Harter Machtkampf im Capitol

Im US-Kongress eskaliert der Streit um das „Filibuster“, jenen traditionsreichen Geschäftsordnungstrick, der der jeweiligen Minderheit Blockademöglichkeiten einräumt

WASHINGTON taz ■ Im US-Kongress tobt seit Donnerstag der wichtigste Machtkampf in Präsident Bushs zweiter Amtszeit. Innerhalb der nächsten Tage soll im Senat über zwei von insgesamt zehn von der Opposition bislang blockierten Kandidaten Bushs für Bundesberufungsgerichte abgestimmt werden. Die Demokraten drohen, die in ihren Augen ultrakonservativen Richter erneut durchfallen zu lassen. Für diesen Fall drohen die Republikaner wiederum, das bislang geltende Abstimmungsverfahren zu ändern, woraufhin die Demokraten die Arbeit im Parlament zum völligen Stillstand bringen wollen.

Gegenwärtig kann die Opposition im Senat mittels „Filibuster“ Nominierungen des Präsidenten blockieren.

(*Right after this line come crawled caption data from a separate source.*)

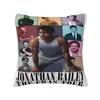 Jonathan Bailey Pillow Case Cushion Cover Soft Graphic Pillow Cover Cute Funny Pillowcases For Wedding Party Home Decor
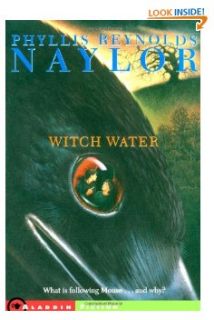 19. Witch on the Water by Christine Rose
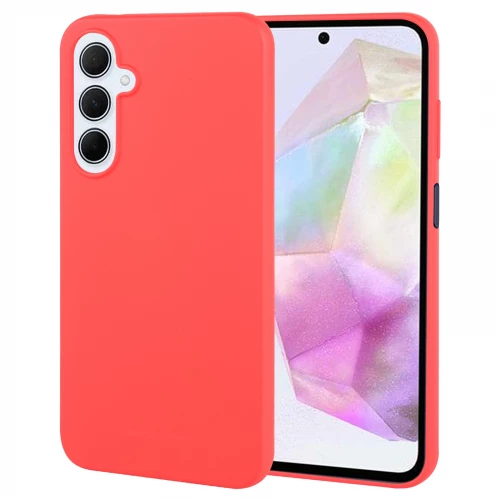 Samsung Galaxy A35 5G Case Mercury Soft Feeling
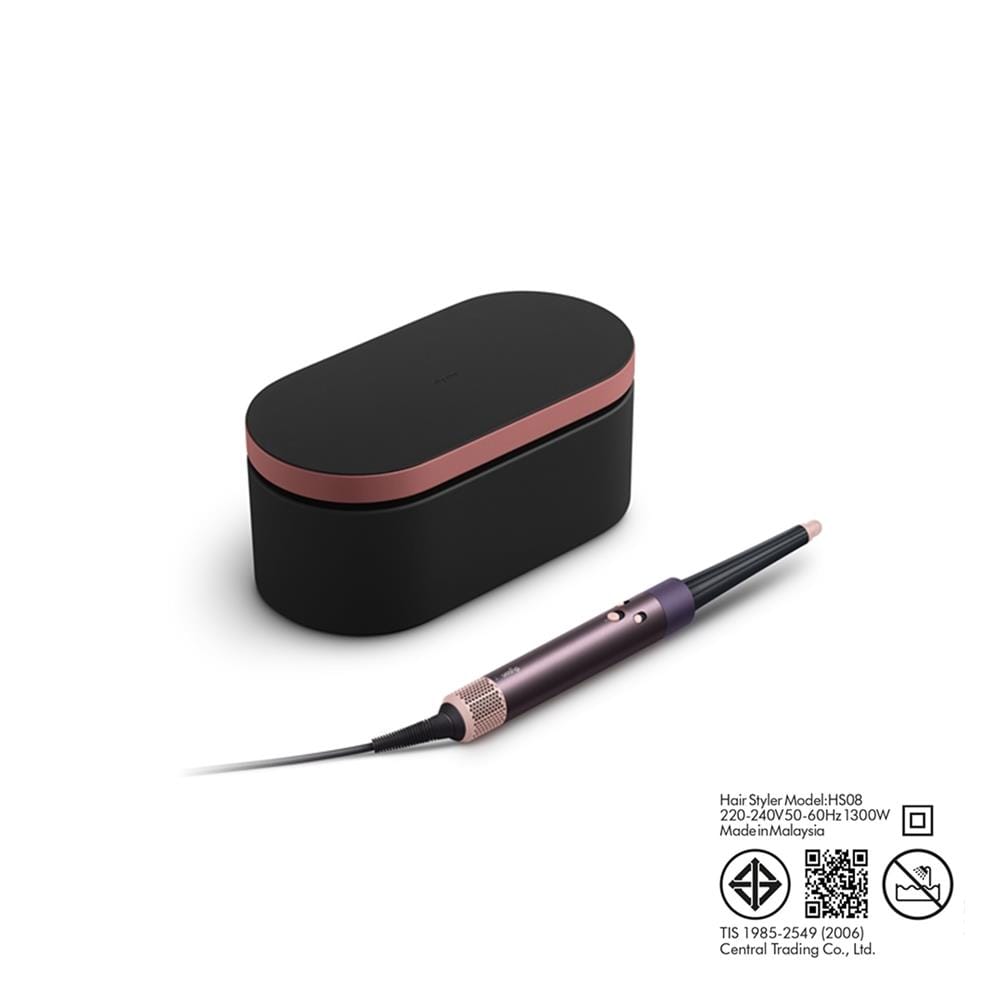 แกนม้วนผม DYSON HS08 AIRWRAP PP/PK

Das Verfahren bezeichnet eine Dauerdebatte mit dem Ziel, ein Votum zu verhindern. Bislang kann nur eine Mehrheit von 60 der insgesamt 100 Senatoren ein Ende der Debatte beschließen. Die Republikaner verfügen jedoch nur über 55 Sitze. Jetzt wollen nun die Geschäftsordnung für Richternominierungen ändern – ein Ansinnen, dass von den Demokraten als Machtmissbrauch schärfstens verurteilt wird.

Blind gegenüber der Warnung, der Präzedenzfall könnte auch einmal sie selbst treffen, sollten sich die Mehrheitsverhältnisse im Kongress ändern, betrachtet die republikanische Führung im Kongress das Filibuster als ein Hindernis auf dem Weg zu uneingeschränkter Macht. Die seit den Gründungstagen bestehende Regel war jedoch als Instrument gedacht, der Minderheit ein Mitspracherecht einzuräumen.

Die Republikaner, die einst 70 von Bill Clinton vorgeschlagene Richter verhinderten, werfen der Opposition vor, dieses Instrument zu missbrauchen. Der Tonfall der Debatte zielt weit unter die Gürtellinie. So bezichtigt der republikanische Fraktionschef Bill Frist die Demokraten, „die nominierten Richter töten und vernichten zu wollen“.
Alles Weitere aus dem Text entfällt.